Nassau County Executive Laura Curran, on Wednesday, Jan.

Nassau County Executive Laura Curran, on Wednesday, Jan. 17, 2018, signed an executive order barring her appointees from holding a leadership position in a political party or donating to her campaign. Credit: Howard Schnapp

Nassau County Executive Laura Curran fulfilled a key election-year promise Wednesday, signing an executive order barring her appointees from holding leadership positions in political parties or donating to her campaign.

Curran, a Baldwin Democrat who took office Jan. 1, appears to be the first county executive in New York State history to sign such a measure, although the practice is common among local district attorneys.

“Today I begin to root out corruption that has tainted local government,” Curran said at a ceremony in Mineola. “One of my top priorities is to take the politics out of our government. This is a major step forward toward full transparency in Nassau County government and enacting true campaign finance reform on the local level.”

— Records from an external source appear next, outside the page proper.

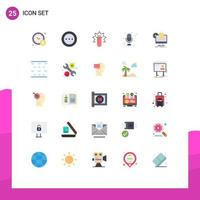 Universal Icon Symbols Group of 25 Modern Flat Colors of ecommerce shopping tube voice mic Editable Vector Design Elements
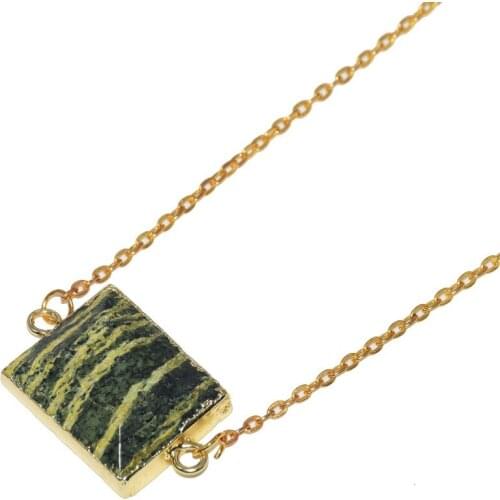 Fashion Jewelry Rectangle Pendant Choker Necklace women Yellow Vein Gold Bezel Gem Stone connector chain necklace femme 2019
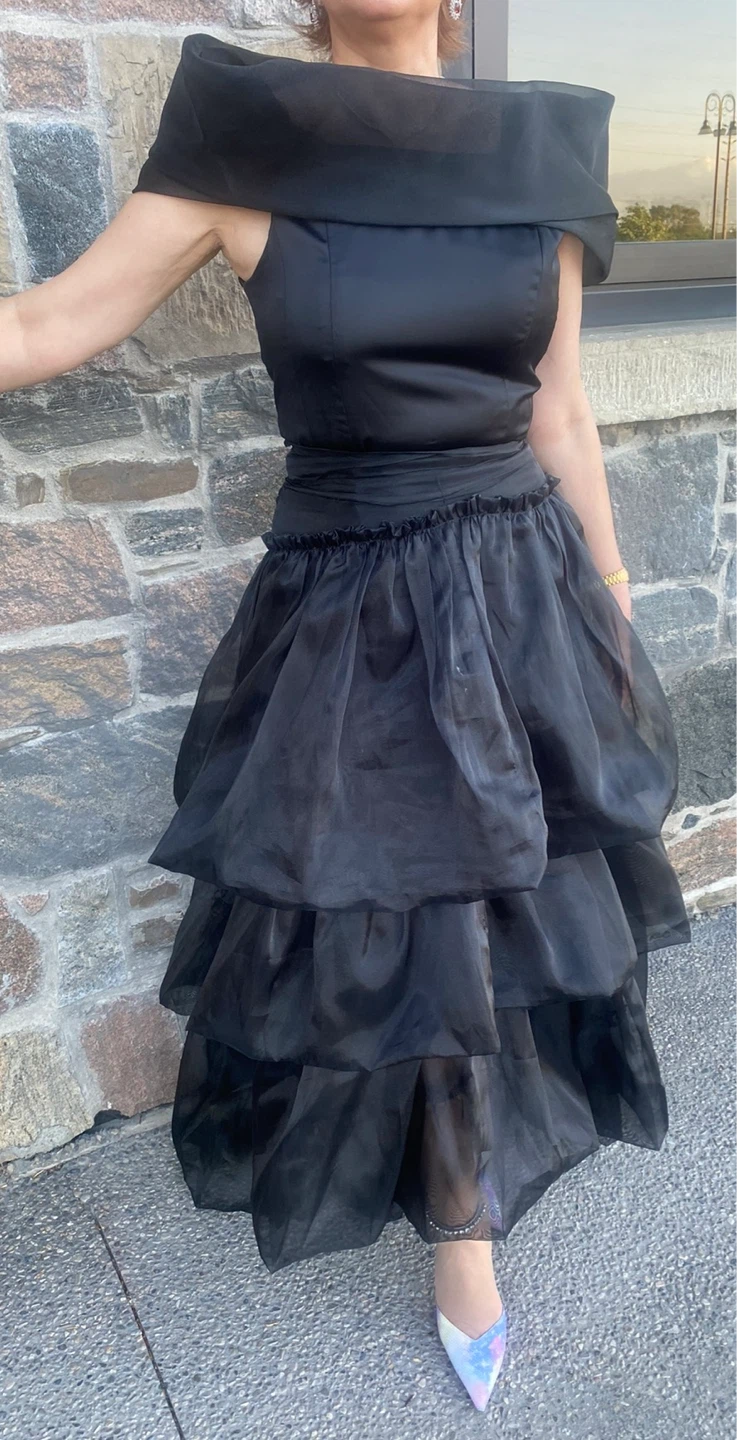 Black Ruffled Organza Ball Gown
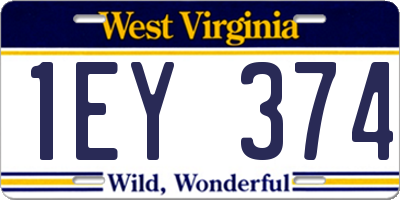 WV license plate 1EY374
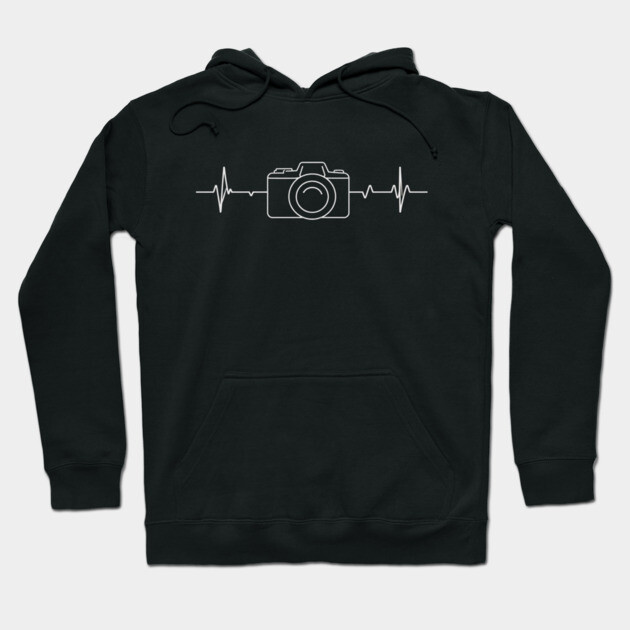 Minimalist Camera Heartbeat Photo. camera heartbeat, photography lover, minimalist photo, creative passion. Hoodie by OUTFITPAW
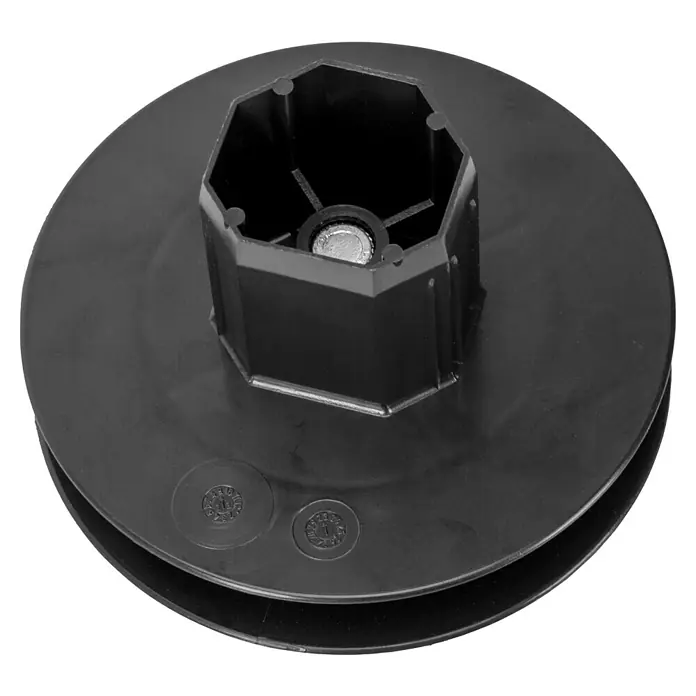Schellenberg Gurtscheibe Mini - Durchmesser: 100 mm, Durchmesser Achtkantwelle: 40 mm - Schwarze Riemenscheibe mit zentraler Nabe für verschiedene Anwendungen, robust und langlebig.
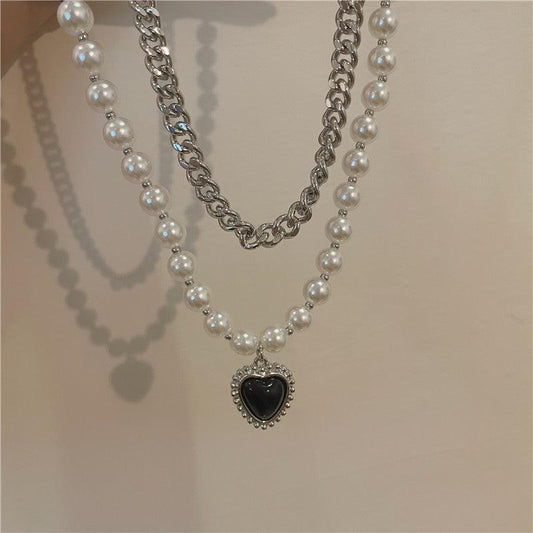 Pearl Chain Heart-Shaped Pendant Necklace - Viva Vista Store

The order prohibits any member of Curran’s top staff, including department heads, commissioners and deputies, from holding a position of authority in a political party or committee or from contributing to Curran’s campaign committee.

The order does not apply to Civil Service and law enforcement employees who belong to county labor unions.

Stephen, Acquario, executive director of the New York Association of Counties, said “Curran deserves credit for swiftly advancing ethics and integrity proposals addressing local needs in Nassau County. We believe Nassau is the first county to implement all of these specific actions in one compendium of measures.”

But Presiding Officer Richard Nicolello (R-New Hyde Park) said the order has glaring loopholes, including allowing appointees to make contributions to other political entities that can then reroute the money back to Curran’s campaign.

“This executive order is largely symbolic and reduces transparency since it allows financial contributions made by employees to political action committees and political parties to be transferred back to the county executive,” Nicolello said in a statement.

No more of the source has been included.